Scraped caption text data
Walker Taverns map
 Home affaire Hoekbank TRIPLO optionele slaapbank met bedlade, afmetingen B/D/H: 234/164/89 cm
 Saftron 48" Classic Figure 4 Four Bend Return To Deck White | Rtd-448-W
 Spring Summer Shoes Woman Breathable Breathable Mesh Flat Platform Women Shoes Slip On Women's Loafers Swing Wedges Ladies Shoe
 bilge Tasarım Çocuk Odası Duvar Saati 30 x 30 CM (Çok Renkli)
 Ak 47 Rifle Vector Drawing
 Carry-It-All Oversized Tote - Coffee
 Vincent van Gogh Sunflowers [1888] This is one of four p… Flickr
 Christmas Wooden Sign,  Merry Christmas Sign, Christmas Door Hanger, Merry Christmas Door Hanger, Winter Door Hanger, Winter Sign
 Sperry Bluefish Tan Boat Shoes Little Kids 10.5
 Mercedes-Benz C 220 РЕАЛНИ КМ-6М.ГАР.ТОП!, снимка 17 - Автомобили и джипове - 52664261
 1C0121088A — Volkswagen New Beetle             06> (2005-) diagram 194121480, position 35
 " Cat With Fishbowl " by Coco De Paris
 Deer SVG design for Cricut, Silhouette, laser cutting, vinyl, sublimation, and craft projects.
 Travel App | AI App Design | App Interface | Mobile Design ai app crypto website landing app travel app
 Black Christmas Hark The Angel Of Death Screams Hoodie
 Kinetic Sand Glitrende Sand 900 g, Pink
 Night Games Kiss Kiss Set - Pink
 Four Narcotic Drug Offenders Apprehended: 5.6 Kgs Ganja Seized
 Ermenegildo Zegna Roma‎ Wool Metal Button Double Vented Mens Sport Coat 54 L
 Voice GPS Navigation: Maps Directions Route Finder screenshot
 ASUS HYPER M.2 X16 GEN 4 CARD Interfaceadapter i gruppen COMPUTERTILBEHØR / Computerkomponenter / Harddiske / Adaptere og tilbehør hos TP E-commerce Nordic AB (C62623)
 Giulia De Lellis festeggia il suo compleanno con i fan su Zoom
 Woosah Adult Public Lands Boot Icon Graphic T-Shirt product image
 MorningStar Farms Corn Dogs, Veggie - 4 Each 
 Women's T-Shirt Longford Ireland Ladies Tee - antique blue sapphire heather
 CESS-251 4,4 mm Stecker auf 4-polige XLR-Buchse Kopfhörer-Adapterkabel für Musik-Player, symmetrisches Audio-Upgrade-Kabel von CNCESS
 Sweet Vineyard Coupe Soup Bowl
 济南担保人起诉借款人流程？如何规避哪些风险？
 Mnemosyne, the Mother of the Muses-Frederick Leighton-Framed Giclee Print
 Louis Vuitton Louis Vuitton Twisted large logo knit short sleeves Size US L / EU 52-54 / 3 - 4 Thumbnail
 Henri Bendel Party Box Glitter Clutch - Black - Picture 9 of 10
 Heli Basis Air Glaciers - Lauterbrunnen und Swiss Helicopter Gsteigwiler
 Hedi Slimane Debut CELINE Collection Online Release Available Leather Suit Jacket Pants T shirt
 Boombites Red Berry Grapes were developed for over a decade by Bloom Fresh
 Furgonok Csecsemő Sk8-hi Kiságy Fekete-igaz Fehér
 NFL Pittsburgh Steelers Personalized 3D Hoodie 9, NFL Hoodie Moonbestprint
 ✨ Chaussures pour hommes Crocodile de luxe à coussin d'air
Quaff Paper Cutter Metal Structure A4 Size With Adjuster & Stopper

**Work to complete:** Please repeat word for word the lines above that run from the beginning through the line containing "White | Rtd-448-W", keeping both the first and that last line.

**Written response:**
Walker Taverns map
 Home affaire Hoekbank TRIPLO optionele slaapbank met bedlade, afmetingen B/D/H: 234/164/89 cm
 Saftron 48" Classic Figure 4 Four Bend Return To Deck White | Rtd-448-W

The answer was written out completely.